In order to implement `Ord`

you'll need to implement `Eq`

, same goes for `PartialOrd`

and `PartialEq`

. This is because `Ord`

and `PartialOrd`

are traits which extend `Eq`

and `PartialEq`

respectively, so you'll need to implement the base traits before you can implement the extended ones.

### Sorting `struct`

s in Rust

Of course, not everything in Rust is an `enum`

, and we'll often want to sort `struct`

s too. Let's imagine that we've got a `Complex`

number type as shown below.

```
#[derive(PartialEq, Eq)]
struct Complex {
real: f64,
imaginary: f64,
}
```

If we'd like to spiral-sort this (i.e. first by distance from the origin, then by angle), we would need to implement our own sort function to perform the necessary transforms. Let's do that, and take the time to implement this in a clean and reusable manner.
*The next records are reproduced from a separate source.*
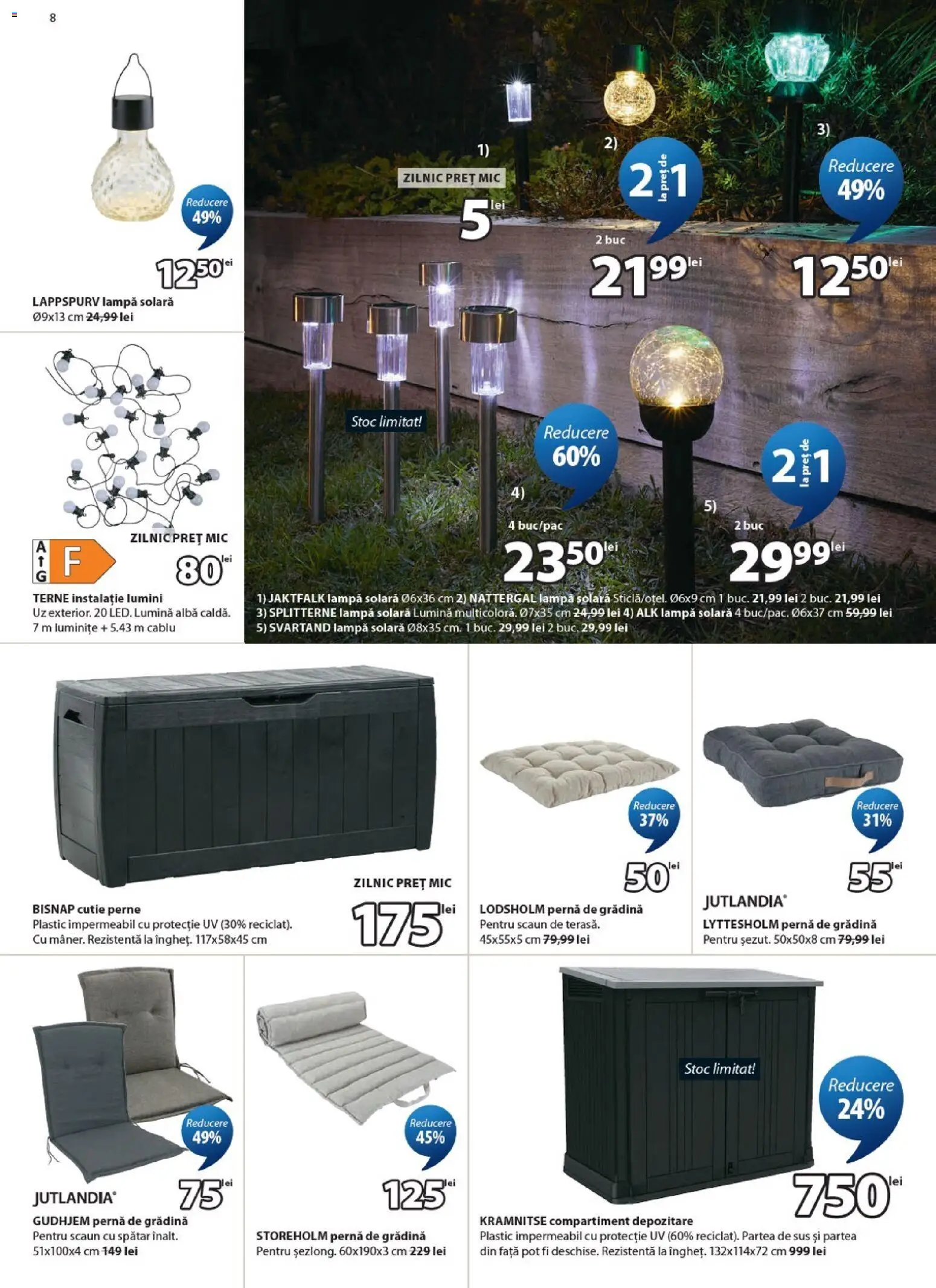 Noul catalog JYSK – valabil de la 24.04.2026 | Pagină: 8 | Produse: Tavuk suyu, Cablu, Pernă, Scaun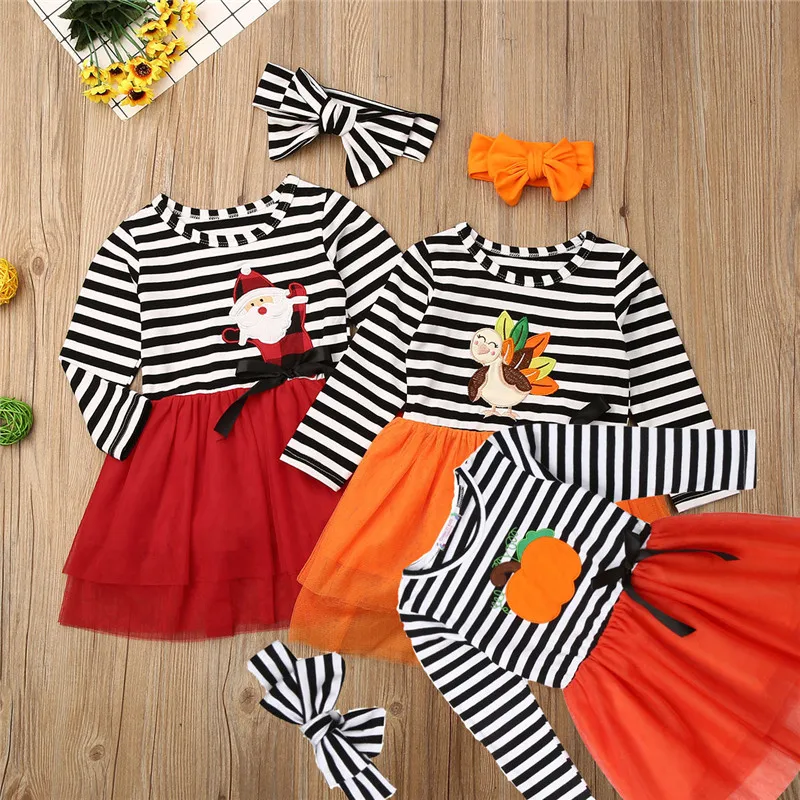 Детские вечерние фатиновые платья-пачки на Рождество Хэллоуин День благодарения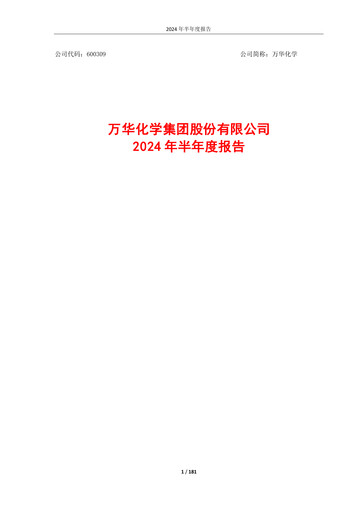 Thumbnail Wanhua Chemical Half-year Report 2024-h1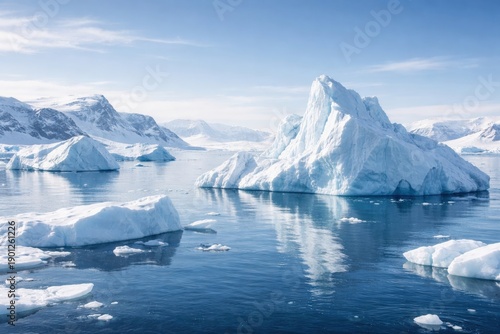 Wallpaper Mural Serene Arctic seascape with large icebergs floating in calm blue water, snowy mountains in the background, clear sky, cold polar environment, natural ice formations, and pristine wilderness atmosphere Torontodigital.ca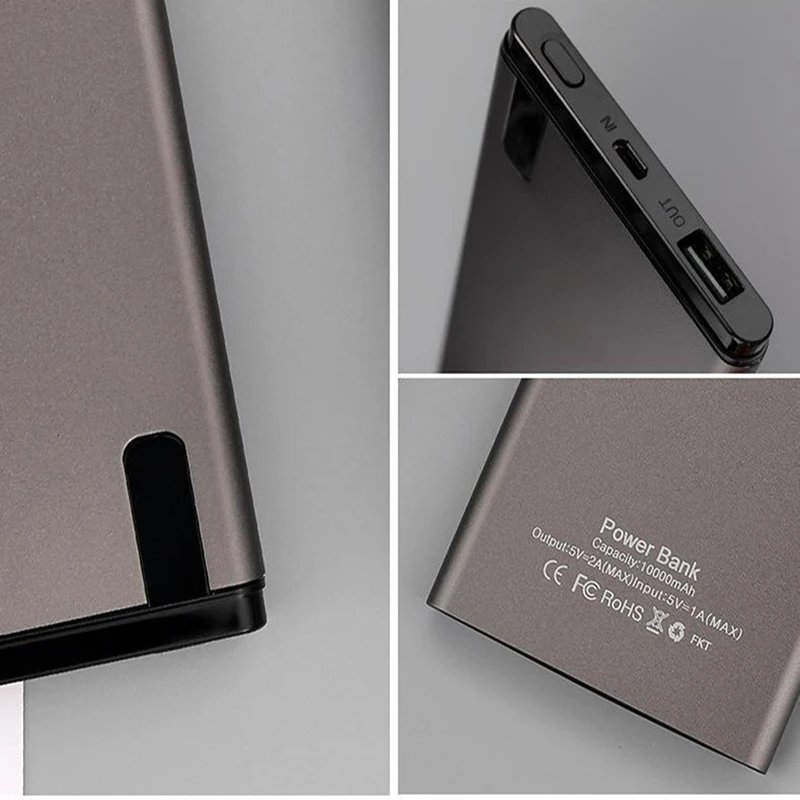 Vogek тонкий 10000 мА/ч, Мощность банк USB Портативный зарядки Мощность Дополнительный внешний аккумулятор с светодиодный Дисплей внешний Батарея для Xiaomi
We'll start by implementing support for converting our `Complex`

type to polar coordinates.

```
impl Complex {
pub fn new(real: f64, imaginary: f64) -> Self {
Self { real, imaginary }
}
pub fn to_polar(&self) -> (f64, f64) {
// Don't you just love Rust's lovely math extensions?
let r = (self.real.powi(2) + self.imaginary.powi(2)).sqrt();
let theta = self.imaginary.atan2(self.real);
(r, theta)
}
}
```

Now that we can easily retrieve the polar coordinates for our `Complex`

number, we can implement `std::cmp::PartialOrd`

for it.

```
impl std::cmd::PartialOrd for Complex {
fn partial_cmp(&self, other: &Self) -> Option<std::cmp::Ordering> {
let (r1, theta1) = self.to_polar();
let (r2, theta2) = other.to_polar();
// First, compare the distance from the origin
let distance = r1.partial_cmp(&r2);
if distance != Some(std::cmp::Ordering::Equal) {
return distance;
}
// If the distance is the same, compare the angle
theta1.partial_cmp(&theta2)
}
}
```

With this, we can now easily sort our `Complex`

numbers using the built-in `sort`

function.

```
let mut numbers = vec![
Complex::new(1.0, 1.0),
Complex::new(2.0, -1.5),
Complex::new(1.0, -1.0),
Complex::new(0.0, 0.0),
Complex::new(-1.0, -1.0),
Complex::new(-2.0, 1.5),
Complex::new(-1.0, 1.0),
];
// Sort the numbers by their position in the spiral
numbers.sort();
```

## Conclusion

I find that incorporating this pattern can help significantly reduce the amount of duplicated sort code lying around your code bases and allows you to take advantage of built-in sort functionality for solving interesting problems (like ordering the winning hands in a game of cards).